At this moment we have three locations; Our headquarter in Hasselt, Belgium, our competence center for camera technology in Eindhoven, Netherlands and a sales and service center in Denver, Colorado US. In Hasselt we specialize in R&D and laser technology. We are manufacturing the camera based machines in Eindhoven and the Laser systems, like our brand new Ventus, in Hasselt.
What has been done so far?
Firstly we developed a laser system to be added to the existing Triplus and Focus productlines. The laser scanner was used to complement the already existing camera technologies in thes product lines resulting in increased sorting efficiencies for the existing customers. The Ventus is the latest model in laser sorting especially for dried fruit and nuts. With the Focus and the Triplus we were already strong in sorting vegetables, potatoes and candies, but now with Ventus we enter into sorting dried fruit and nuts.
What is you think why Ventus is standing out of other models?
The machine has a very open design. That means easy cleaning, easy maintenance, easy service. The machine is very versatile and it is
a completely hygienic design. You only see sloped surfaces. There are no gaps where product could be hidden, we design according to the highest hygienic standards. The laser system which we installed is one of the most advanced on the market today. While the product is falling we inspect it from both sides simultaneously.
We can put up to sixteen lasers and thirty-two sensors in one sorter. This allows us to create multispectral laser sorting; we can combine so many wavelength combinations that we can gain extra information from the products. You can sort by colour, but at the same time you get structural and invisible info. The processing system will handle all the data at the same time. This may sound difficult to the user, but we have simplified the interface.
At the interface you can see the products going through the machine and you select the background and you determine what is your ‘good’ and your ‘bad’ product. It is as easy as I am telling you right now. It’s as easy as tuning a radio…

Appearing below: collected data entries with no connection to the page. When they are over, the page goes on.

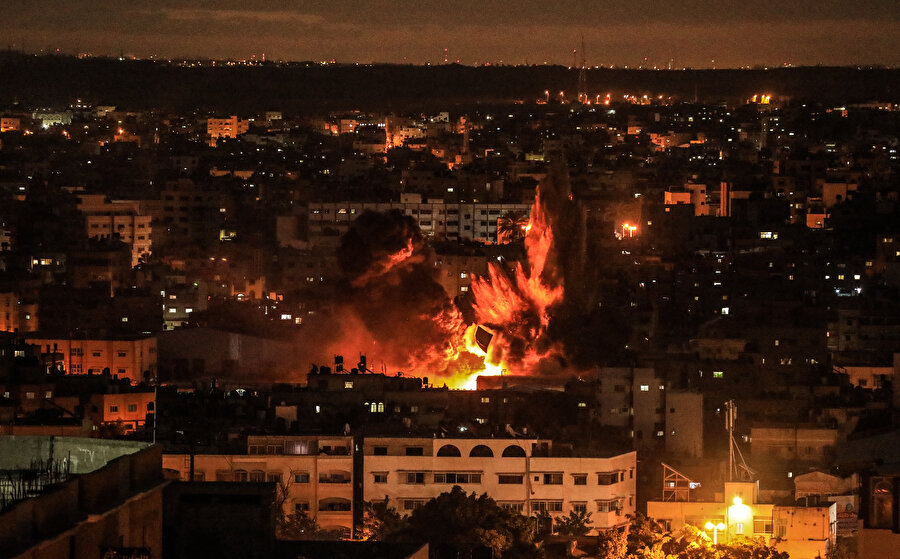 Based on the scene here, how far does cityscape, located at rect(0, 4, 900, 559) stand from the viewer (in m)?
24.6

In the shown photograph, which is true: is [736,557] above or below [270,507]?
below

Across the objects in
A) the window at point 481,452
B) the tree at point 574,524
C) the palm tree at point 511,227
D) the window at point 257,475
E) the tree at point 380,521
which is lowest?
the tree at point 574,524

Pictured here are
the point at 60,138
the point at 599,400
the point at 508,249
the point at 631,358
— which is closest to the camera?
the point at 599,400

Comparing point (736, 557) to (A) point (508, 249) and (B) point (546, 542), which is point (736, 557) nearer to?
(B) point (546, 542)

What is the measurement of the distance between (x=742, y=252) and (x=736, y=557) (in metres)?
37.7

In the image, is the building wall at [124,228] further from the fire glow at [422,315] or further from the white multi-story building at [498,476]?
the white multi-story building at [498,476]

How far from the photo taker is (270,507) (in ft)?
51.5

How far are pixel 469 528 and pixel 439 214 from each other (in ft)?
157

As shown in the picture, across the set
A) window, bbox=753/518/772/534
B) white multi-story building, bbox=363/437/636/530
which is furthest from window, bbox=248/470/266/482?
window, bbox=753/518/772/534

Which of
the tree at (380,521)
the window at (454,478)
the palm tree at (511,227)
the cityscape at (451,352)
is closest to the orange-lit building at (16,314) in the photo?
the cityscape at (451,352)

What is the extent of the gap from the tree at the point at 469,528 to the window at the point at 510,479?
3708mm

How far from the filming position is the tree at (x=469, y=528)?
23.7 m

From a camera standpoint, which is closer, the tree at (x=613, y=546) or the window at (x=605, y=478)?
the tree at (x=613, y=546)

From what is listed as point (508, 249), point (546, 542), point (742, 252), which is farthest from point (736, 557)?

That was what you said some 20 years ago about the operation of LS9000.
You are right. But we go a little bit further. You don’t say: this product is good, this is bad. You say: this is a stone, a piece of shell, a piece of glass -- in other words – you classify defects. By classifying you can also gather the data of the product. Our customer knows the percentage of rejects, but also what kind of defects in the rejects like sticks, shells, stones, glass or mould. You can use that data to control other parts of equipment in the line. (if you see too many cap stems, go and adjust the de-stemmer…) On top of that we have a far higher resolution then what is existing on the market today. The polygon speed is now 20,000 rpm which in combination with our higher digitalization
rate creates an eight times higher resolution as former models. Every scan is less than one millimeter, and the scan as such is subdivided. The resolution is between 0.5 to 0.3 mm. Nothing else than revolutionary!

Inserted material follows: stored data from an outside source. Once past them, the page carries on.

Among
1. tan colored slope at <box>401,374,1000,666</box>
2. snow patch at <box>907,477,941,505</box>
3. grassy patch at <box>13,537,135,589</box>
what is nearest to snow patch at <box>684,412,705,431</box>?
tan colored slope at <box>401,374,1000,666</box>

A typical problem in raisin sorting is capstems. The capstem’s thickness is roughly one millimeter, in our system it is visible by at least 3 pixel wide! Even if it is not fully exposed – you know, the embedded capstems -- we will detect the most of them.
In our 1200 mm wide Ventus we have 256 ejectors. Each ejector is only 4.6 mm away from the next one. This way we have very little loss of product.
We will not stop here, we are now in the process of creating different sizes of the Ventus, but important to say ; all with superior resolution.